Short text fragments from websites:

*** Begin section ***

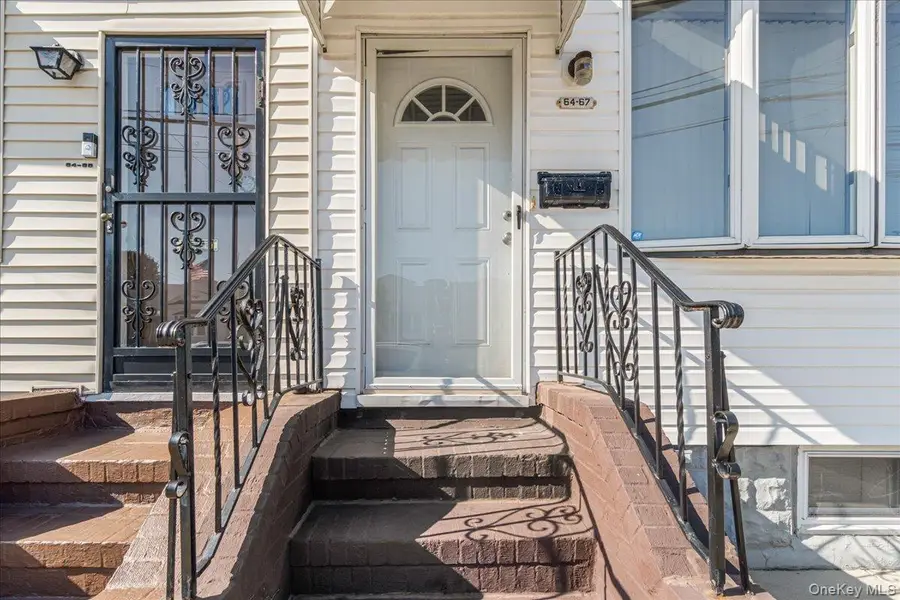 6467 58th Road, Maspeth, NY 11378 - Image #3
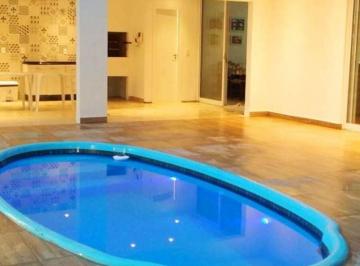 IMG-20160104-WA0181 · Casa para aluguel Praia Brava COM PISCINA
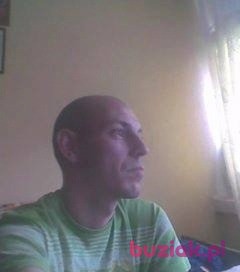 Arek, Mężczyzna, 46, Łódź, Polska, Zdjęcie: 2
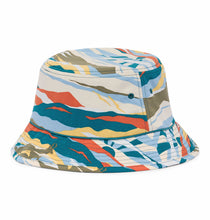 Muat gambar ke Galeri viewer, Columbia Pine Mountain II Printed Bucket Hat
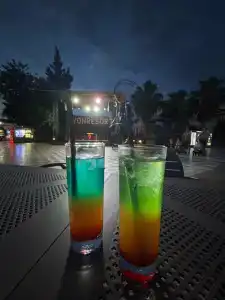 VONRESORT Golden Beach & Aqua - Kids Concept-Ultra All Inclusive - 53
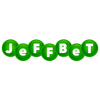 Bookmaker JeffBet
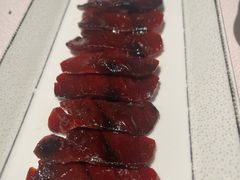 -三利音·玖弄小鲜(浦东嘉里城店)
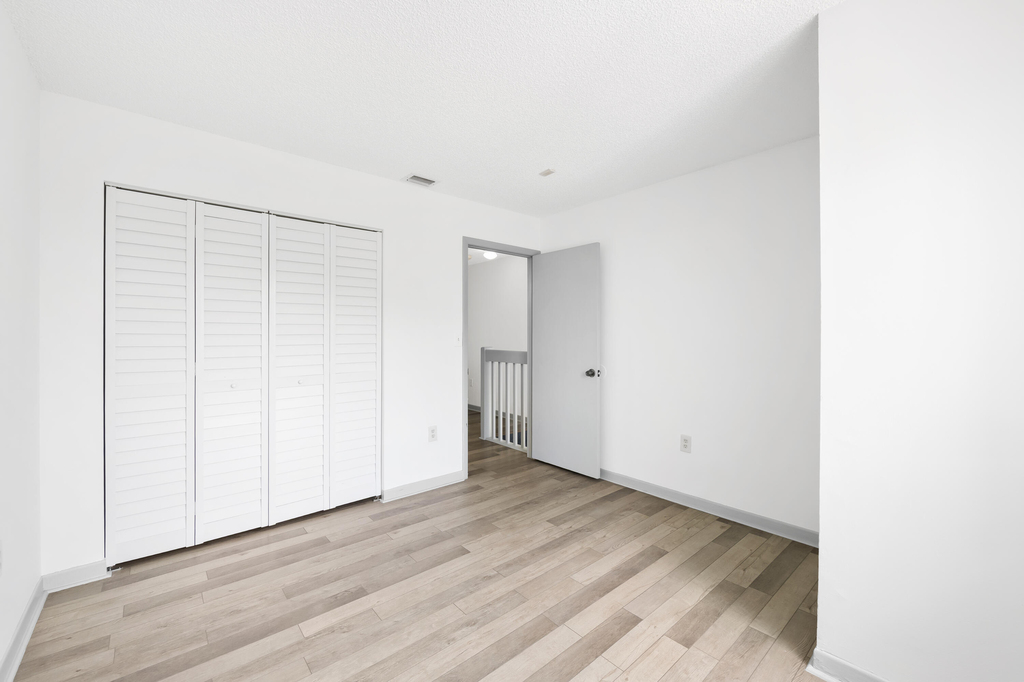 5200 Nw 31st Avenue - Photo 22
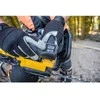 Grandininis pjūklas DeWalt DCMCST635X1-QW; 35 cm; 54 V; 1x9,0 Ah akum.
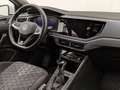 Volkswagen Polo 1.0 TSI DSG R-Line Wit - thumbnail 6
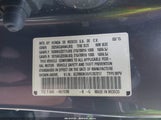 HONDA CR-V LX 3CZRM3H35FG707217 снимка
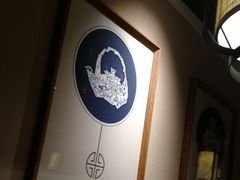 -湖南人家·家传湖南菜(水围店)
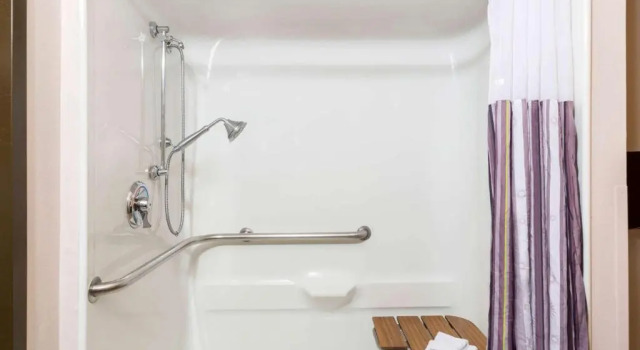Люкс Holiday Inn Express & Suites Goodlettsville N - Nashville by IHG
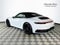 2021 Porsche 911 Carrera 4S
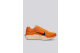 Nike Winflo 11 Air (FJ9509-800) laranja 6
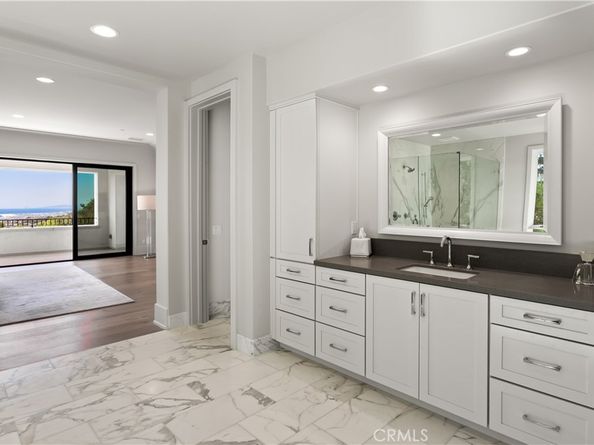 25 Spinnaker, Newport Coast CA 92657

*** End section ***

The task: For every entry above, please output the text exactly and leave any picture behind.

Result of the task:
 6467 58th Road, Maspeth, NY 11378 - Image #3
 IMG-20160104-WA0181 · Casa para aluguel Praia Brava COM PISCINA
 Arek, Mężczyzna, 46, Łódź, Polska, Zdjęcie: 2
 Muat gambar ke Galeri viewer, Columbia Pine Mountain II Printed Bucket Hat
 VONRESORT Golden Beach & Aqua - Kids Concept-Ultra All Inclusive - 53
 Bookmaker JeffBet
 -三利音·玖弄小鲜(浦东嘉里城店)
 5200 Nw 31st Avenue - Photo 22
 Grandininis pjūklas DeWalt DCMCST635X1-QW; 35 cm; 54 V; 1x9,0 Ah akum.
 Volkswagen Polo 1.0 TSI DSG R-Line Wit - thumbnail 6
 HONDA CR-V LX 3CZRM3H35FG707217 снимка
 -湖南人家·家传湖南菜(水围店)
Люкс Holiday Inn Express & Suites Goodlettsville N - Nashville by IHG
 2021 Porsche 911 Carrera 4S
 Nike Winflo 11 Air (FJ9509-800) laranja 6
 25 Spinnaker, Newport Coast CA 92657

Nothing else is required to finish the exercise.